Morocco is a dazzling mix of Arabic and Berber culture with an Afro/European flair thrown in. This is a romantic and otherworldly country, both alluring and exotic.
One of the most popular travel destinations in Africa, Morocco has plenty to see and do. You will find Mediterranean and Atlantic beaches desert excursions, Islamic landmarks, magnificent imperial cities, roman antiquities, and luxurious resorts.
Among Morocco’s most spectacular sights are the 2,000 year old World Heritage Roman ruins at Volubilis. The Hassan II Mosque in Casablanca is an architectural marvel and one of the largest mosques in the world. The Atlas Mountains the the Dades Valley are both true natural wonders that any Moroccan itinerary should spend some time on.
Altogether, Morocco boasts eight World Heritage sites: The ruins at Volubilis; Fes El Bali; Meknes’ Imperial City; the medinas in Essaouira, Tetouan and Marrakech; the Portugese port of El-Jadida; and the mud-brick architecture of Ksar of Ait Bebhaddou to the south of Marrakech.

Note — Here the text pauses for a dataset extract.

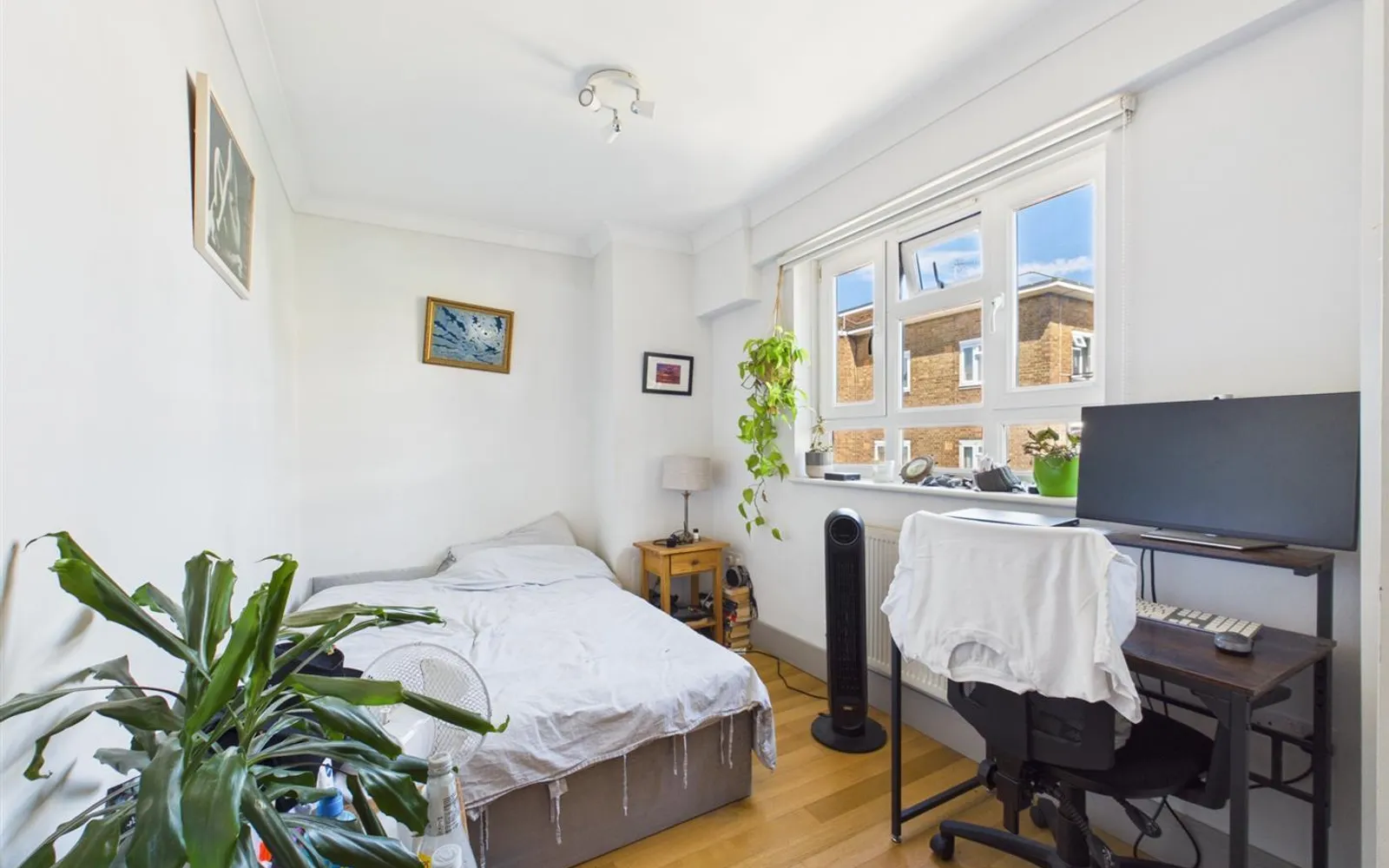 Flat Deepdene Gardens in Greater London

With the Mediterranean to the north and the Atlantic to the west, it should come as no surprise that much of Morocco’s recreation centers around the ocean. Excellent beaches line the coasts along with resorts, many equipped for windsurfing and boating excursions.
Moroccan cuisine is some of the best in the world. It is influenced by native Berber cuisine as well as Arabic Andalusian cuisine, Turkish, and Middle Eastern cuisines. Even if you’re on a budget, make sure to splurge on a meal in a high end restaurant with live music. Harira, a traditional soup of garbanzo and noodles is a good choice to start. Couscous dishes are a real treat as are kebabs and tajines, which consist of stewed meat with vegetables served in a conical clay dish. Morocco’s burgeoning food scene also makes it an excellent destination for a cooking class.
Non-Muslims are frequently not permitted to enter mosques in Morocco, so don’t enter a mosque without permission if you are not Muslim. Ornate Medersas (theological schools) are can generally be toured and if you ask the custodians of smaller mosques politely, they may permit you to enter outside of prayer times.